* [Material provided]:

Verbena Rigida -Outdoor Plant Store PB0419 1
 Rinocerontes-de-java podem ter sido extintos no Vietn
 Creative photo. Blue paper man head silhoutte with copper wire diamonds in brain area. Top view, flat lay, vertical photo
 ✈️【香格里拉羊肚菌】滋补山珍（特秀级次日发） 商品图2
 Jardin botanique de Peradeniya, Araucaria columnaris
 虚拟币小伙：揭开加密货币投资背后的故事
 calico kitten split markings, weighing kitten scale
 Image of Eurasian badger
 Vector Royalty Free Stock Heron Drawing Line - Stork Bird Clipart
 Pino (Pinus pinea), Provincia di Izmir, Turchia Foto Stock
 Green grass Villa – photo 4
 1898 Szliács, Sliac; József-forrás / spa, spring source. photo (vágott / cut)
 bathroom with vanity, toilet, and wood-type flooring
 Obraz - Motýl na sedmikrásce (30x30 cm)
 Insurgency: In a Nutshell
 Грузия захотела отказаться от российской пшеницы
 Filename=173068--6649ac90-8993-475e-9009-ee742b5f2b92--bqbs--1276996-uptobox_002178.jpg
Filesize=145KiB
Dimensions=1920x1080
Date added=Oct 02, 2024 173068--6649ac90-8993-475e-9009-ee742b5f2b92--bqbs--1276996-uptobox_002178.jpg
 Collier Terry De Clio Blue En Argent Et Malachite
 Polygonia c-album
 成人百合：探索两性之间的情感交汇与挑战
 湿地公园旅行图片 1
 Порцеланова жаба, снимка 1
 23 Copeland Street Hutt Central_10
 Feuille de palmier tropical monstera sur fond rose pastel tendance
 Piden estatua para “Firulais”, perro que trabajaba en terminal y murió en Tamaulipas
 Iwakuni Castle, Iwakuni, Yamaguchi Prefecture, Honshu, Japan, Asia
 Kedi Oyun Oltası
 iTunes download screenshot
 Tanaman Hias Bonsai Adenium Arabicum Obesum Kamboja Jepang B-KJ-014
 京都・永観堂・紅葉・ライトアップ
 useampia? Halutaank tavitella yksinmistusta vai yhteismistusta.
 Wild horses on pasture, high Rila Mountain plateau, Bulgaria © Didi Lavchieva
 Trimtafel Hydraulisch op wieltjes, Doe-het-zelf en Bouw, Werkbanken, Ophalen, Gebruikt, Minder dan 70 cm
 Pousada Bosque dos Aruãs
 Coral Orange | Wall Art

* [Problem to solve]: A verbatim copy of every record is what you should return.

* [Response to the exercise]:
Verbena Rigida -Outdoor Plant Store PB0419 1
 Rinocerontes-de-java podem ter sido extintos no Vietn
 Creative photo. Blue paper man head silhoutte with copper wire diamonds in brain area. Top view, flat lay, vertical photo
 ✈️【香格里拉羊肚菌】滋补山珍（特秀级次日发） 商品图2
 Jardin botanique de Peradeniya, Araucaria columnaris
 虚拟币小伙：揭开加密货币投资背后的故事
 calico kitten split markings, weighing kitten scale
 Image of Eurasian badger
 Vector Royalty Free Stock Heron Drawing Line - Stork Bird Clipart
 Pino (Pinus pinea), Provincia di Izmir, Turchia Foto Stock
 Green grass Villa – photo 4
 1898 Szliács, Sliac; József-forrás / spa, spring source. photo (vágott / cut)
 bathroom with vanity, toilet, and wood-type flooring
 Obraz - Motýl na sedmikrásce (30x30 cm)
 Insurgency: In a Nutshell
 Грузия захотела отказаться от российской пшеницы
 Filename=173068--6649ac90-8993-475e-9009-ee742b5f2b92--bqbs--1276996-uptobox_002178.jpg
Filesize=145KiB
Dimensions=1920x1080
Date added=Oct 02, 2024 173068--6649ac90-8993-475e-9009-ee742b5f2b92--bqbs--1276996-uptobox_002178.jpg
 Collier Terry De Clio Blue En Argent Et Malachite
 Polygonia c-album
 成人百合：探索两性之间的情感交汇与挑战
 湿地公园旅行图片 1
 Порцеланова жаба, снимка 1
 23 Copeland Street Hutt Central_10
 Feuille de palmier tropical monstera sur fond rose pastel tendance
 Piden estatua para “Firulais”, perro que trabajaba en terminal y murió en Tamaulipas
 Iwakuni Castle, Iwakuni, Yamaguchi Prefecture, Honshu, Japan, Asia
 Kedi Oyun Oltası
 iTunes download screenshot
 Tanaman Hias Bonsai Adenium Arabicum Obesum Kamboja Jepang B-KJ-014
 京都・永観堂・紅葉・ライトアップ
 useampia? Halutaank tavitella yksinmistusta vai yhteismistusta.
 Wild horses on pasture, high Rila Mountain plateau, Bulgaria © Didi Lavchieva
 Trimtafel Hydraulisch op wieltjes, Doe-het-zelf en Bouw, Werkbanken, Ophalen, Gebruikt, Minder dan 70 cm
 Pousada Bosque dos Aruãs
 Coral Orange | Wall Art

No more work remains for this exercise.